Instructions for the task:
Exactly those lines that run from the one containing "Titelbild der Ausgabe" through the last line of the entries below should be printed, and no others.

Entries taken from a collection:

== Segment start ==

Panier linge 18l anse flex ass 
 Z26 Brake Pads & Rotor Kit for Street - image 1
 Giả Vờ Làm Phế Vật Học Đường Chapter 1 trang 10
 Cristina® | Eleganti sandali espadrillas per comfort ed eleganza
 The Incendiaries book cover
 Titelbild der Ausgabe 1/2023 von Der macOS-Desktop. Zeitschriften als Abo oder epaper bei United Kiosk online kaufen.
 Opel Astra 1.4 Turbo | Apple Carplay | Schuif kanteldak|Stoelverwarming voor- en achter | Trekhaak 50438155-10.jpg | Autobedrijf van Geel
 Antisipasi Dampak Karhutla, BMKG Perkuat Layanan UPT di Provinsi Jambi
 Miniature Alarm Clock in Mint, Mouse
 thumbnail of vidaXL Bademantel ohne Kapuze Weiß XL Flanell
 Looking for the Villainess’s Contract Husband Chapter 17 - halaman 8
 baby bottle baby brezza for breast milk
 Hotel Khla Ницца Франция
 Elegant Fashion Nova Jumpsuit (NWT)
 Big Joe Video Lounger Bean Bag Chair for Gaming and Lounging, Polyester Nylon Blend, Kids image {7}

== Segment end ==

Response to this exercise:
 Titelbild der Ausgabe 1/2023 von Der macOS-Desktop. Zeitschriften als Abo oder epaper bei United Kiosk online kaufen.
 Opel Astra 1.4 Turbo | Apple Carplay | Schuif kanteldak|Stoelverwarming voor- en achter | Trekhaak 50438155-10.jpg | Autobedrijf van Geel
 Antisipasi Dampak Karhutla, BMKG Perkuat Layanan UPT di Provinsi Jambi
 Miniature Alarm Clock in Mint, Mouse
 thumbnail of vidaXL Bademantel ohne Kapuze Weiß XL Flanell
 Looking for the Villainess’s Contract Husband Chapter 17 - halaman 8
 baby bottle baby brezza for breast milk
 Hotel Khla Ницца Франция
 Elegant Fashion Nova Jumpsuit (NWT)
 Big Joe Video Lounger Bean Bag Chair for Gaming and Lounging, Polyester Nylon Blend, Kids image {7}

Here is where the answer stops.